The bill that broke us
Across the cohort we hit an inflection in 2024. Inference for one of the ventures cost $4.20 per active user per month at peak. Active users were growing. The model was good. The unit economics were not.
Three options: a smaller model (lossy), a different cloud provider (marginal), or stop renting GPUs by the hour. We picked the third.
The math
Once you have stable demand and a model architecture you trust for at least 12 months, the on-prem break-even on H100-class hardware lands at around 0.55 GPU-utilisation hours per dollar of cloud spend. We were running at 0.71. The decision was made.
We commissioned a 2 MW inference pod — not a training site, just inference — co-located with a hydroelectric grid in northern Portugal. Cost-of-power on the contract is just under one-third of the equivalent in our nearest hyperscaler region.
What broke
Three things that the cloud had been silently solving for us, that we now had to solve ourselves:
- Hot-spare capacity. A hyperscaler hides the fact that not every GPU is available all the time. We learned this when a half-rack went into thermal throttle and our routing layer hadn't been written to handle it.
- Model swap orchestration. Pushing a new model to 1,000 cloud GPUs is a rolling deploy. To 1,000 on-prem GPUs without a deploy infrastructure, it is several days of phone calls.
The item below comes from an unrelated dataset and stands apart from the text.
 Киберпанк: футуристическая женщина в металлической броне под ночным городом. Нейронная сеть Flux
- Failure-mode reporting. The cloud has telemetry. The pod did not. We built it.
The cloud, as debugger
We did not move everything. We kept a small reservation in the cloud for two purposes: spike-load overflow, and shadow-mode evaluation of new model candidates against live traffic. Both jobs are inherently bursty. The cloud is good at bursty. It is bad at steady-state.
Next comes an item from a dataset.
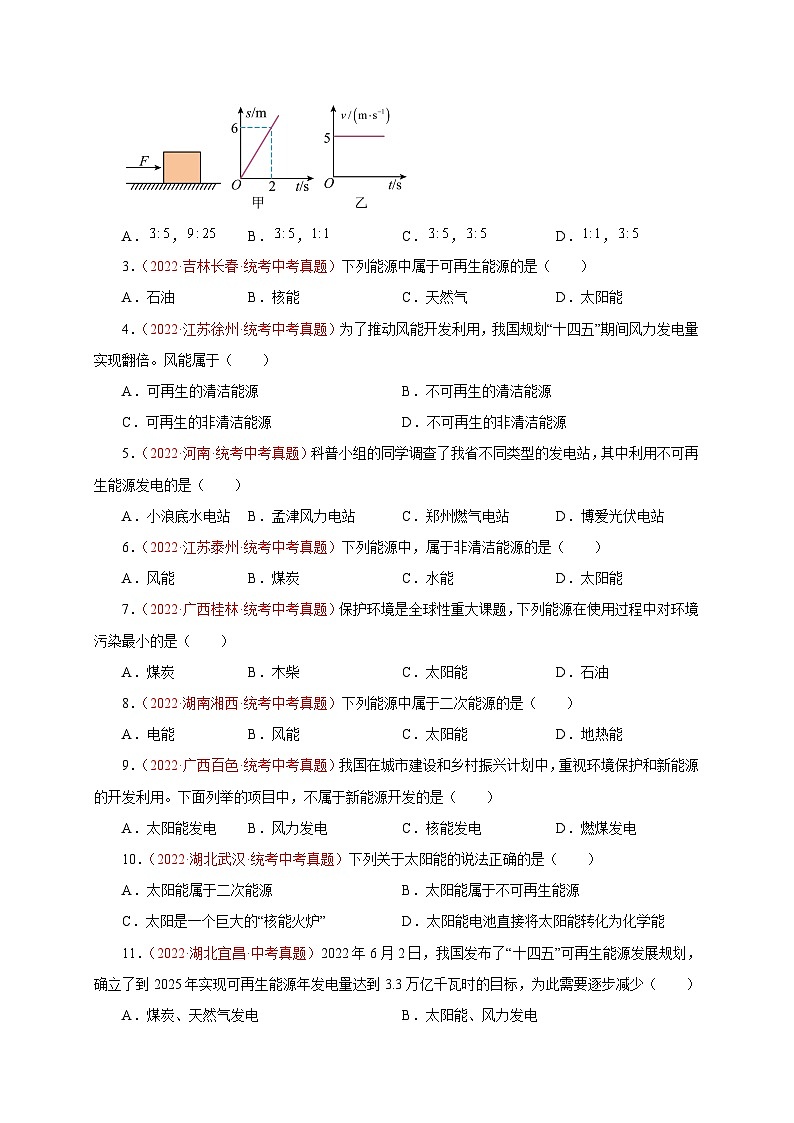 专题10   功和机械能、能源及转化-备战中考物理重难点题型专题突破03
The framing that worked, internally, was: treat the cloud as a debugger, not a runtime. Steady-state inference is on the pod. Investigations, replays, and shadow evals run on rented hardware. The bill came down by 74% at the same scale. We did not regret it.
Three things to take
- Cloud spend isn't fixed. If your model architecture is stable for a year, run the on-prem math. The break-even is closer than it looks.
- You will under-budget for the orchestration layer. Double whatever you scoped.
- Keep a foot in the cloud. Use it for the workloads it's actually good at.